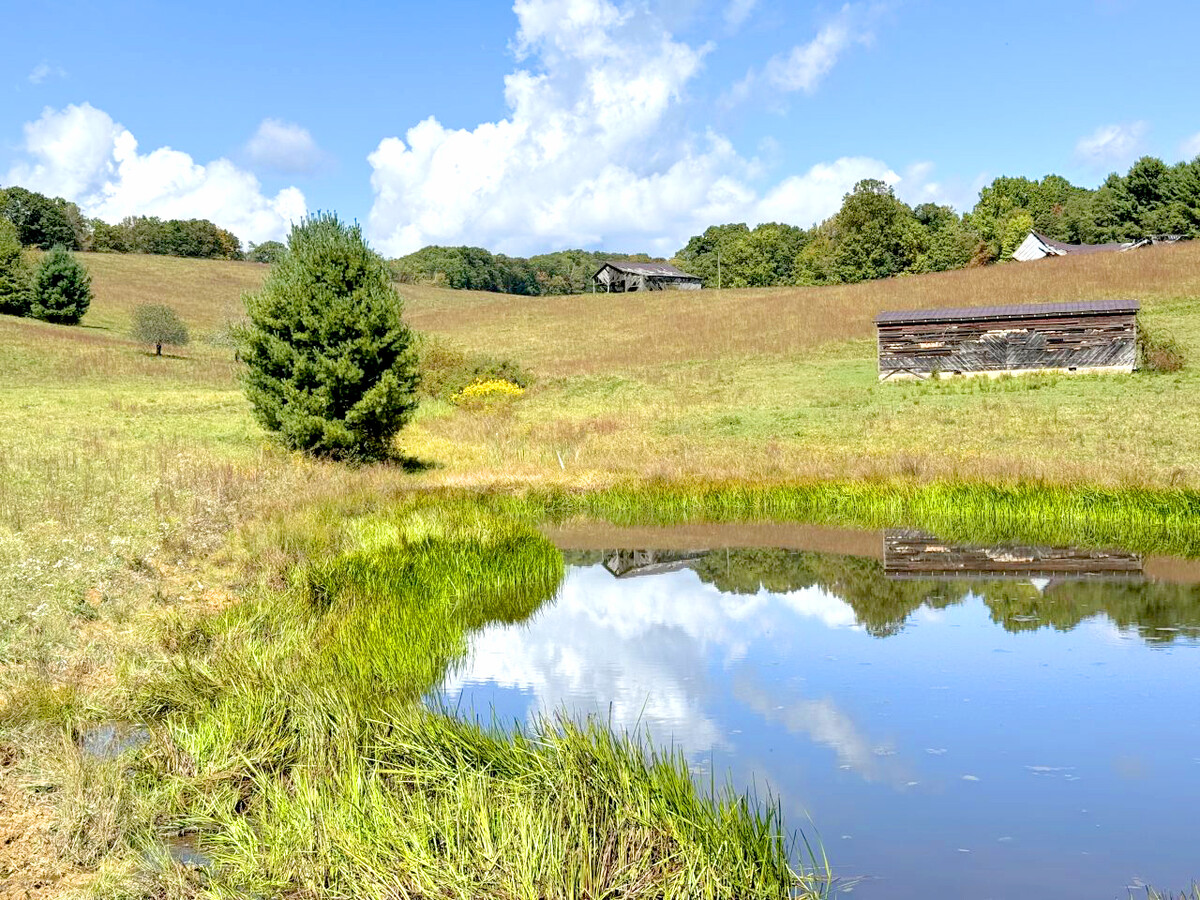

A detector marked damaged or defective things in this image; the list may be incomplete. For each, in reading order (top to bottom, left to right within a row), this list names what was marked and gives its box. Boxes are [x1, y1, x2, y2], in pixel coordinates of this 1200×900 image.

rusty roof panel [873, 297, 1142, 326]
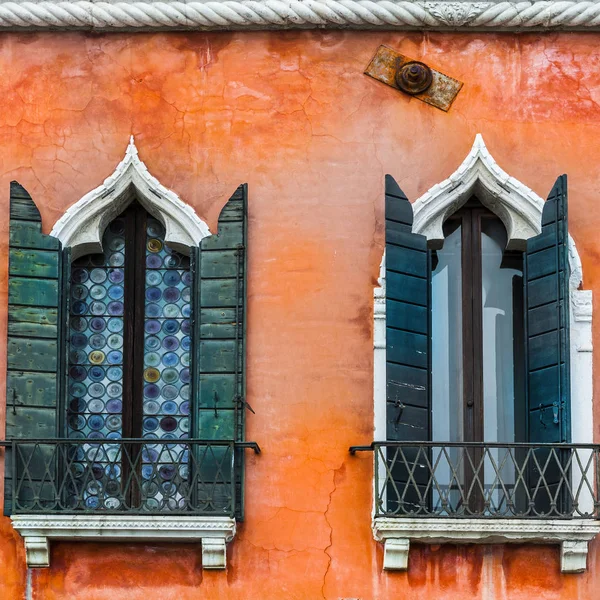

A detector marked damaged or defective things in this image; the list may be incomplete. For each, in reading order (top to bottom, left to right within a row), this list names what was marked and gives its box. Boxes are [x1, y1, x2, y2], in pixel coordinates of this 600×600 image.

rusty metal bracket [364, 45, 462, 112]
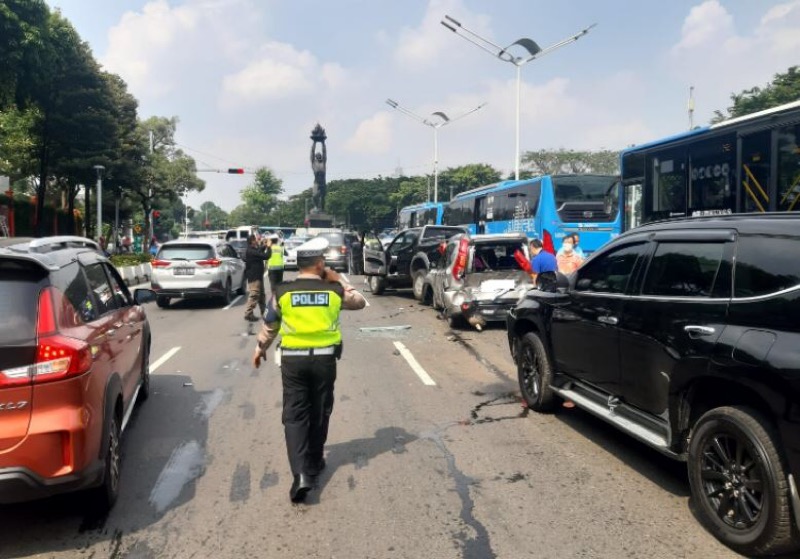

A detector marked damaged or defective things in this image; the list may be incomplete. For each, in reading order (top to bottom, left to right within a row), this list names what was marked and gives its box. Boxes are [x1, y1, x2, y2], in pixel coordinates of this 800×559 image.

car with broken rear window [424, 233, 532, 330]
damaged car [422, 233, 536, 330]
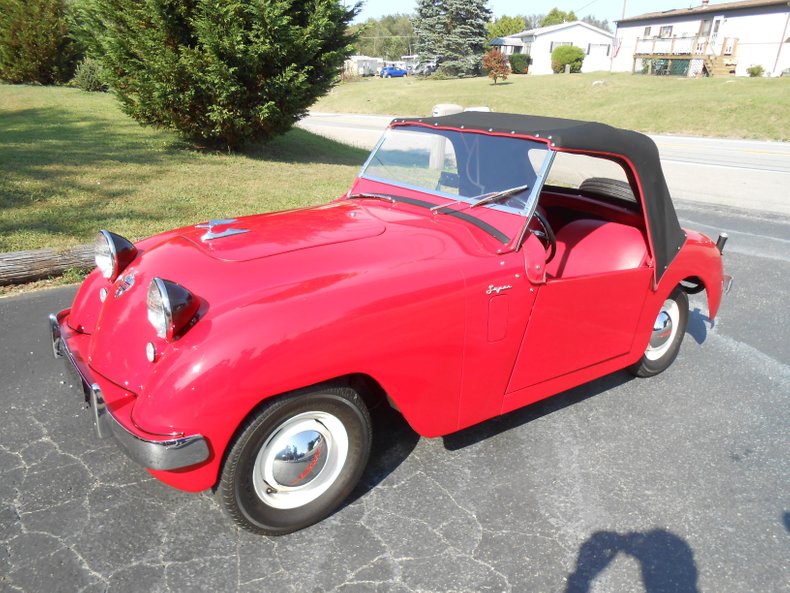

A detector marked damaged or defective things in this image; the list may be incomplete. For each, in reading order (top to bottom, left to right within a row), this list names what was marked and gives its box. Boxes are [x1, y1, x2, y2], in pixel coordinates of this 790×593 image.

cracked asphalt pavement [0, 201, 788, 588]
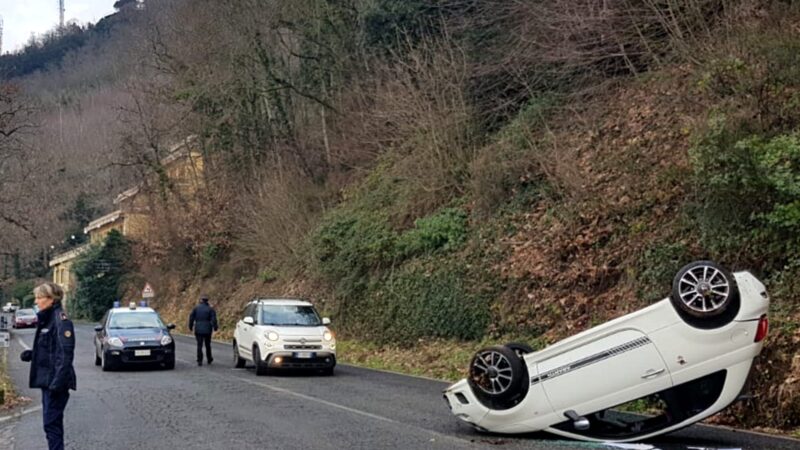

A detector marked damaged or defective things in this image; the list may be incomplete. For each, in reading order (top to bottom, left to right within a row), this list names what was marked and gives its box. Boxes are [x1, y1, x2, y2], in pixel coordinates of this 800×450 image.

overturned white car [444, 262, 768, 442]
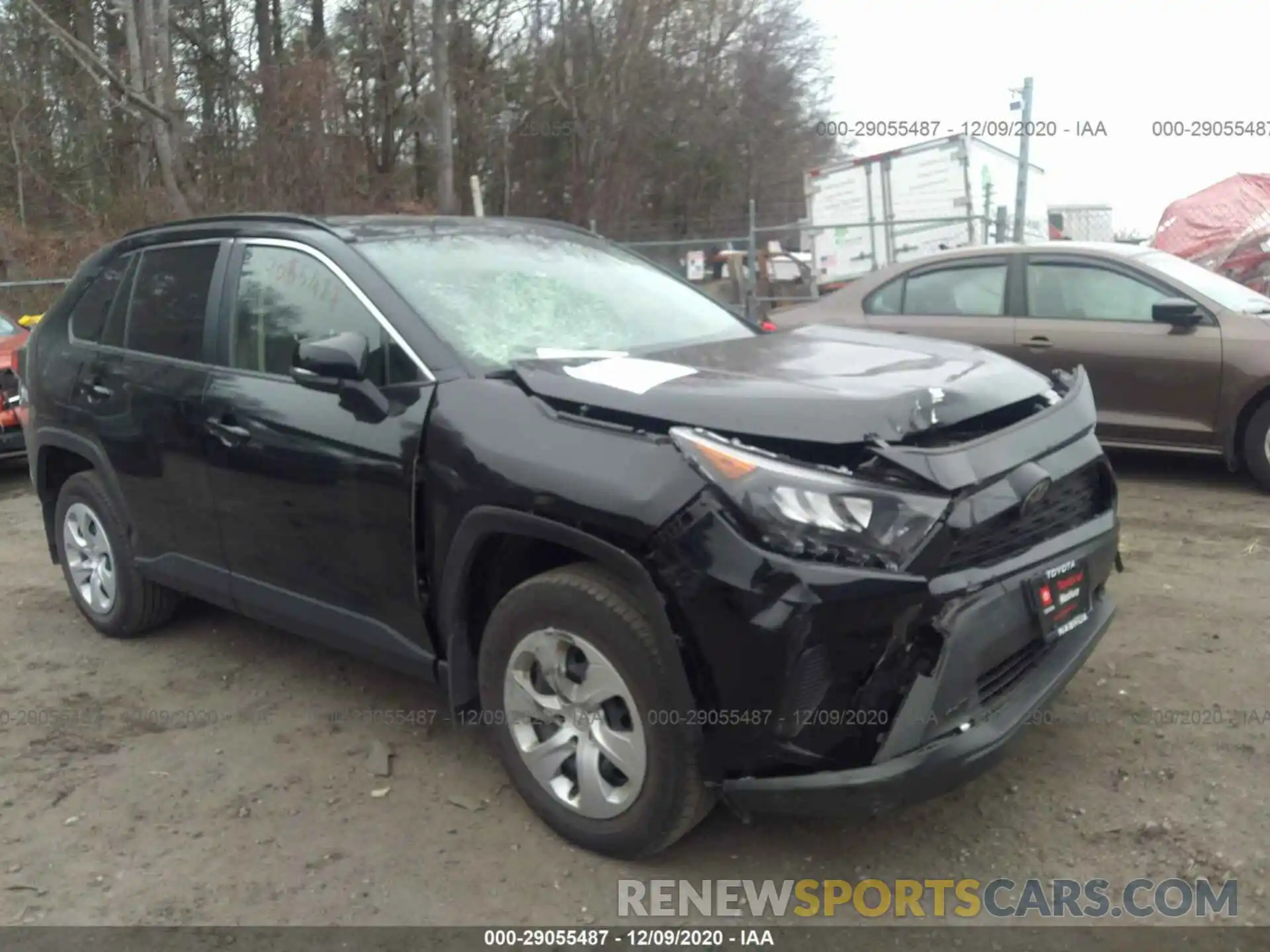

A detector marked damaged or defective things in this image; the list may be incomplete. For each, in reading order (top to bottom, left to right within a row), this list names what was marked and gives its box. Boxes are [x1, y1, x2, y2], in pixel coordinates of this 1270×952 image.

crumpled hood [511, 324, 1058, 447]
broken headlight assembly [669, 428, 947, 569]
damaged front bumper [656, 368, 1122, 814]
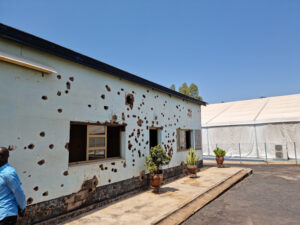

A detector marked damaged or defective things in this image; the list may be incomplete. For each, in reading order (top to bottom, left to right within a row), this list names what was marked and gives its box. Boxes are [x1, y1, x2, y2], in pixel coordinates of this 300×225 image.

damaged facade [0, 23, 204, 225]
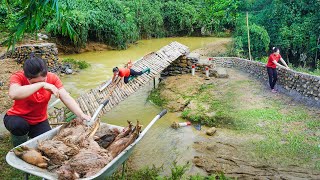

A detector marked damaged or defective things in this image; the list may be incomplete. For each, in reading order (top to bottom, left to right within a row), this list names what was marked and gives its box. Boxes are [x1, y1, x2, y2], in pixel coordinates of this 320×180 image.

damaged bamboo bridge [47, 42, 190, 124]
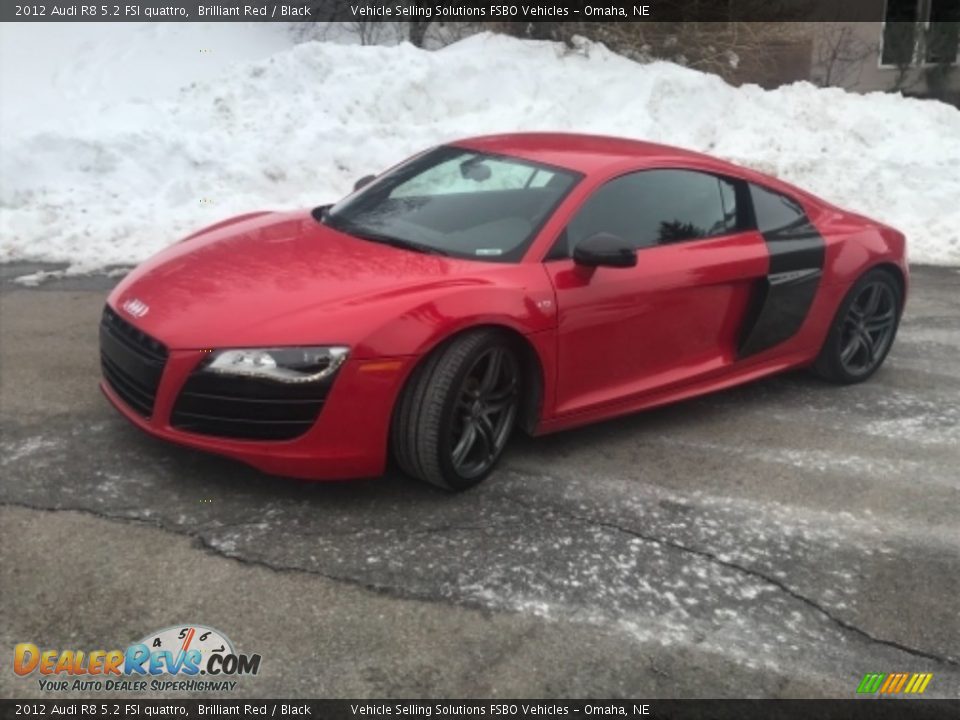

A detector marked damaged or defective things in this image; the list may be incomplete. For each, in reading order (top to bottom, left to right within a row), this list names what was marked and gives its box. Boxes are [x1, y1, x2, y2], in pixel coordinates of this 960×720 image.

cracked asphalt pavement [0, 262, 956, 696]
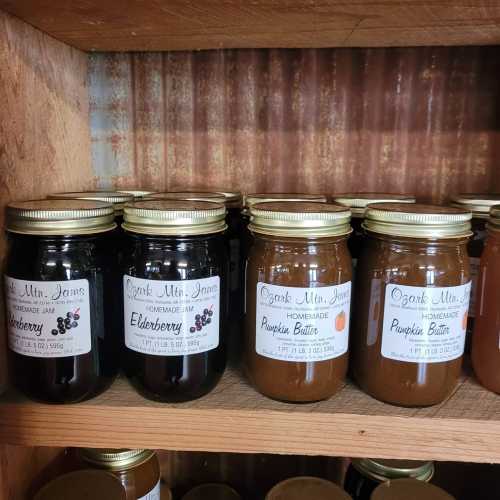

━━━━━━━━━━━━━━━━

Begin at the line containing "this 960×720 image." and extract every line through the end of the records, inclusive, exactly and only; omit pictures.

● **Answer to this problem**
A detector marked damaged or defective things in this image; the list may be incomplete. For each, in reading order (top to bottom, left to right within a row), this list names what was marked and gives its box. Boxes are [x1, y1, x2, y2], in pixel coordinates of this 960×720 image.

cracked asphalt pavement [0, 262, 956, 696]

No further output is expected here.